What is love if not a mix of the sublime and the silly?
Michael Buble acknowledged as much near the top of his two-hour performance Monday night at American Airlines Center.
“There are 15,000 people in here,” he said, clad in a dapper black suit and sporting a light scruff. “We can make this an intimate and beautiful and romantic evening like it should be.”
The fully stuffed room — aware of the irony involved considering a sports arena to be anything resembling cozy, and replete with couples of all ages enmeshed in date nights of varying elaboration — murmured its approval. But Buble didn’t stop there.
“It’s a bonus Valentine’s night!” the Canadian crooner crowed, as applause rippled through the enthusiastic audience.
As the saying goes, it takes two to tango, and it was evident from the moment the 43-year-old singer-songwriter materialized in the spotlight at the top of the curved, expansive stage that he would have a willing partner all night.
Monday’s turn marked his first on a North Texas stage in nearly six years, and the pop singer, touring behind his latest studio album, last year’s Love, made it clear that, for him, absence did nothing but make his heart grow fonder.
“I’m so happy to be here tonight,” he began, gazing out into the crowd. “I stand here tonight with an attitude of gratitude. I’m grateful for many blessings, some of which I count as you.”
Weaving between pop and jazz standards, with plenty of chestnuts from the Great American Songbook making an appearance, Buble — his lustrous lyric baritone, as affable and magnetic as his punchy, droll personality — was in fine form throughout. The stage reached deep into the room and allowed Buble to move freely among his fervent fans, snapping selfies and slapping high-fives.

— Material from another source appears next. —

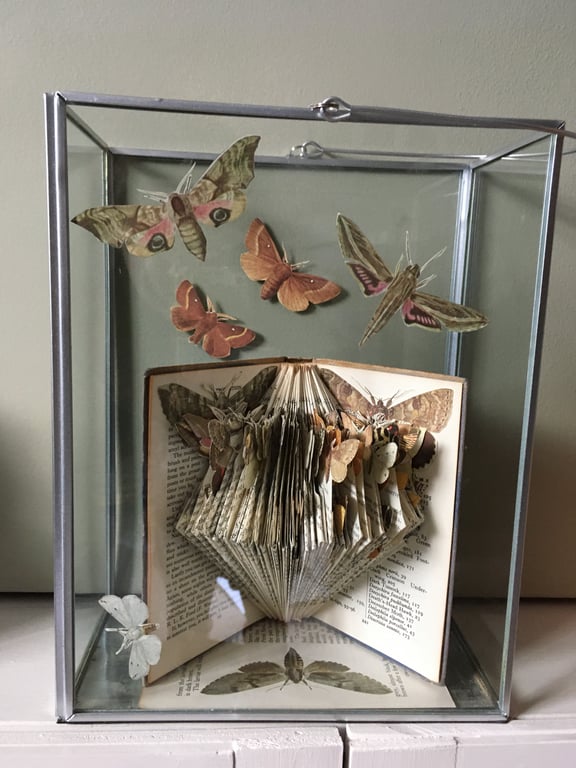 Book of Moths display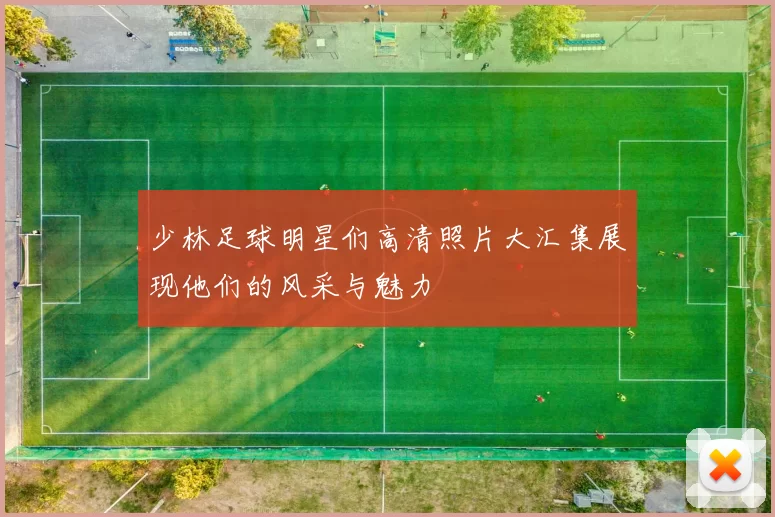 少林足球明星们高清照片大汇集展现他们的风采与魅力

He was backed by more than 30 musicians, seated on risers, including an all-female string section (which he described as being a “Dallas section” but didn’t elaborate), all of whom Buble rightly cited as a point of pride.
“There’s no pyrotechnics, no confetti – I invested my money in the greatest musicians in the world.”

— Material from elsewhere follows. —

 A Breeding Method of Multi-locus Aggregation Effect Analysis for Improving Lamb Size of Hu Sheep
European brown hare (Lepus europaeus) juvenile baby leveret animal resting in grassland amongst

It was money well-spent. The live musicians added a spark of energy Buble consistently fed off of all night, whether the mood was elated, as it was during “I Only Have Eyes for You,” “Sway” or “Such a Night,” or more subdued, when he became emotional, talking about his parents being in attendance for the first time during this tour, and paying tribute to his late grandfather before launching into “(Up a) Lazy River.”
Buble also made sure to include plenty of chatty asides, expounding at length about his day off spent out and about in Uptown with his family ("You just booed it … I don’t know what it means”), as well as his love of Owen Wilson, 7-Eleven and Slurpees.
“There’s some kind of charm that transcends,” Buble said. “I love your city – I truly do.”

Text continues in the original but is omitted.